# Laplace-Runge-Lenz vector and its generating transformation

Sonty
I have this sort of research project about symmetries under the central potential and I'm stuck on this Runge-Lenz vector. As it is a conserved quantity I was expecting it to come out of Noether's theorem. I can't figure out how. So I go on the net to find out and get 2 answers: infinitesimal Lorentz trasnformation without rotation followed by a time translation and a more explicit article on a canonical transformation. Out of the latter I find that besides the usual space-time transformations come the so called kinematical symmetries, while out of symmetries in the phase space comes another kind of conserved quantities called dynamical. It shows rather clearly that the angle the LRL vector makes with the x-axis is the canonical conjugate of L and that's the pair of variables I should canonical transform to.
What other dynamical symmetries are there in the world that I heven't heared of and how should the conserved quantities look in general terms? Is there an analogue to Noether's theorem that would tell me exactly how the conserved quantity should look like? How did Laplace, Runge and Lenz get the expression for the vector?

Sonty
that's the first result in google's search and the second in teoma's. It doesn't help. It's like trees are green, the sky is blue, the water is wet, stuff like that. It doesn't say why or how.

Ambitwistor
Originally posted by Sonty
that's the first result in google's search and the second in teoma's. It doesn't help. It's like trees are green, the sky is blue, the water is wet, stuff like that. It doesn't say why or how.

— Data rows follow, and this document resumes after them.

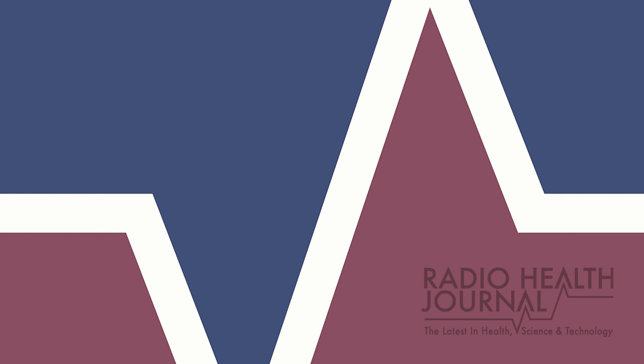And that's Radio Health Journal for this week. Radio Health Journal is a production of MediaTracks Communications. Follow us on Twitter, Facebook, and Instagram to learn more. And check Apple Podcasts, Google Play, and Spotify for a library of past programs. Plus, you'll always find previous segments and information about our guests at RadioHealthJournal.org. Join us again next week for another edition of Radio Health Journal.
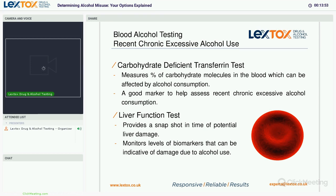For blood alcohol testing, there are two tests we undertake. The first is the carbohydrate deficient transferrin (CDT) test — a biochemical test looking for changes in the blood caused by alcohol consumption. It's a good marker to help assess recent chronic excessive alcohol consumption, generally covering the past two to four weeks. The liver function test provides a snapshot in time of potential liver damage at the moment of sample collection. However, the liver function test is not alcohol-specific — health conditions or medication can also affect liver function — so it is recommended not to be used in isolation, but alongside the CDT test or hair test.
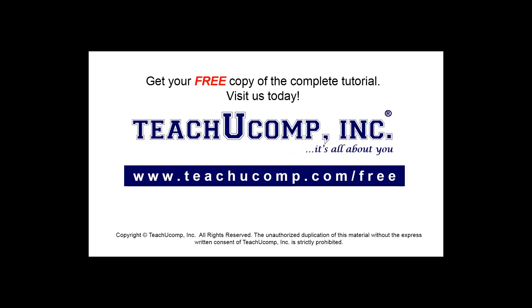Get your free copy of the complete tutorial at www.teachyoucomp.com forward slash free.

Uh, have you actually read the paper cited by that message, the one in Phys Rev?

The abstract:

Noether and Lie symmetry analyses based on point transformations that depend on time and spatial coordinates will be reviewed for a general class of time-dependent Hamiltonian systems. The resulting symmetries are expressed in the form of generators whose time-dependent coefficients follow as solutions of sets of ordinary differential ("auxiliary") equations. The interrelation between the Noether and Lie sets of auxiliary equations will be elucidated. The auxiliary equations of the Noether approach will be shown to admit invariants for a much broader class of potentials, compared to earlier studies. As an example, we work out the Noether and Lie symmetries for the time-dependent Kepler system. The Runge-Lenz vector of the time-independent Kepler system will be shown to emerge as a Noether invariant if we adequately interpret the pertaining auxiliary equation. Furthermore, additional nonlocal invariants and symmetries of the Kepler system will be isolated by identifying further solutions of the auxiliary equations that depend on the explicitly known solution path of the equations of motion. Showing that the invariants remain unchanged under the action of different symmetry operators, we demonstrate that a unique correlation between a symmetry transformation and an invariant does not exist.

Sonty
I had it but didn't fully read it. I had just skimmed through it searching for keywords. Didn't find them until I actually read a big part of it. In my reaction I confused it for another one. The thing is that seems to me to elaborate. I don't think that's what I'm supposed to get. I couldn't follow his calculations fully, maybe because I'm tired and I've been fighting this nasty flu for a couple of days. There's got to be an easier way to do it.